Overcoming Overproduction: Experts unravel the challenge of circularity
Overproduction, overconsumption and waste continues to be a growing challenge. It’s one caused by the global fashion industry’s linear ‘take, make, dispose’ model where mostly non-recyclable materials are extracted, made into products, and ultimately down-cycled, sent to landfill, exported through the global secondhand clothing trade or incinerated when no longer used. A crucial way to tackle textile and clothing waste is by investing in efforts to slow down consumption and increase clothing longevity, which would have a significant positive impact on the environment.
A growing number of major brands explain how they’re developing circular solutions that enable textile-to-textile recycling – 38% of brands in 2023, up from 28% in 2022, indicating a big jump from the previous year.
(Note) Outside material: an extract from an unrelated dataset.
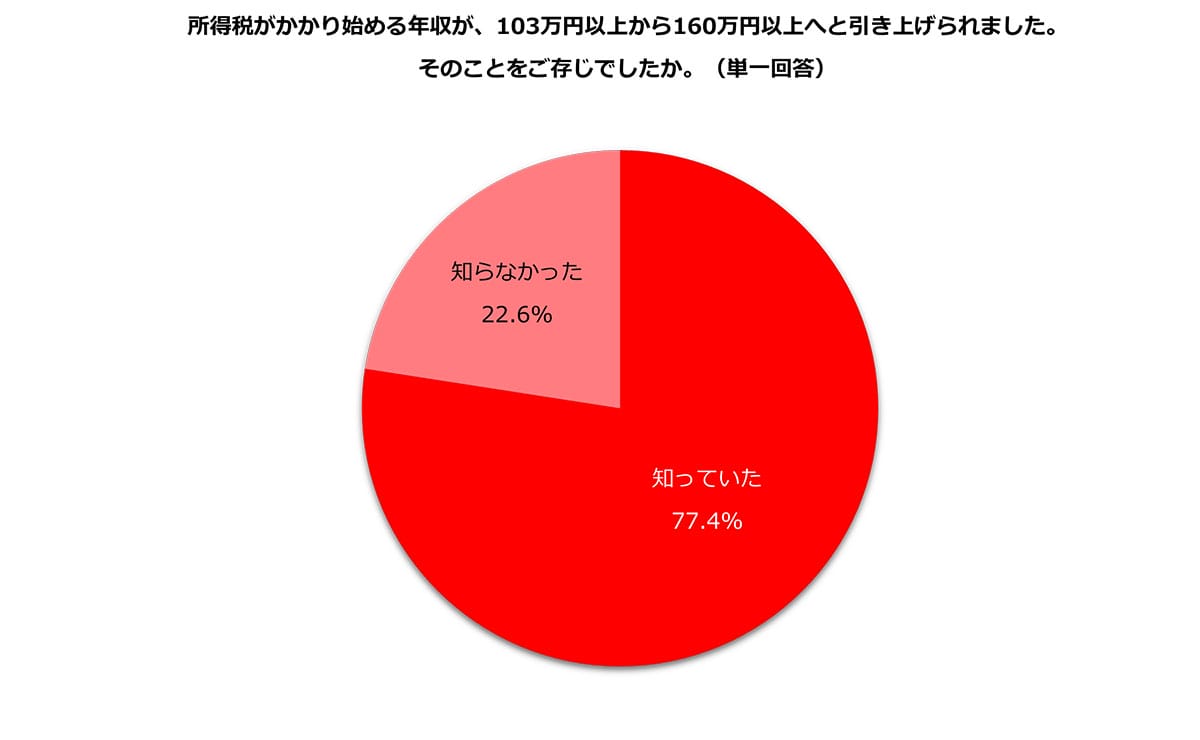106万円の壁「撤廃」で得する? 主婦・主夫の49%が「解決しない」と断言【しゅふJOB総研調査】の画像2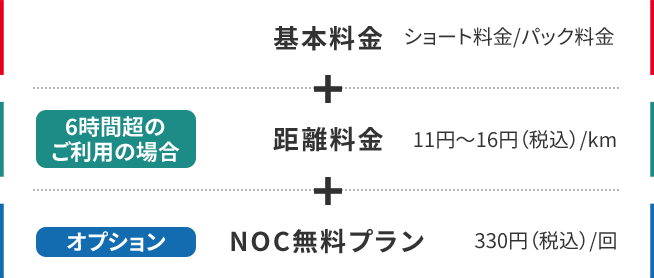 「基本料金(ショート料金/パック料金)」+「〈6時間越のご利用の場合〉距離料金(11円~16円(税込)/km)」+「〈オプション〉NOC無料プラン(330円(税込)/回)」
Yet, less brands (29%) disclose their annual fibre mix and only 4% of brands publish the percentage of their products designed to enable circularity – which allows for the raw materials in disused clothes to be transformed into raw materials for new clothes.
Given that historically, major brands have released so-called ‘sustainable’ lines representing just a fraction of overall production, the absence of disclosed data on the quantity of a brand’s products that are truly circular does not inspire confidence. In order for these circular solutions to meaningfully contribute to addressing fashion waste, they need to become the norm rather than the exception in the industry. As a first step, greater transparency on brands’ fibre mix is crucial to understanding how to unravel the challenge of circularity.
To better understand the challenges facing the fashion industry, we invited a range of industry stakeholders and activists to provide in-depth analysis of the issues surrounding circular solutions and how governments and brands can adapt their strategies to create meaningful change. Here, you can explore some viewpoints featured in the Fashion Transparency Index 2023.
BUSINESS AS USUAL IS NOT VIABLE
JOSEPHINE PHILIPS, Founder and CEO, SOJO
It’s great to see more of the major fashion brands offering repair services, 26% this year compared with 20% in 2022 – as it not only shows a growing desire from consumers to partake in these practices, but also that brands are taking more accountability for their items post the point of purchase, promoting more circular behaviours.
While this moves the industry in the right direction, it’s important to note that shifting towards circularity needs to happen at every stage of the lifecycle of a product – not just at the point of disposal. For example, when garments are designed with longevity and end-of-life in mind, it entails a different approach towards material sourcing, ways of manufacturing, and end-of-life recycling. Another critical aspect is changing the narrative of how and what we buy. Ultimately, by continuing to pump out the same product volumes, we are not addressing the root-causes of textile waste – overproduction and overconsumption.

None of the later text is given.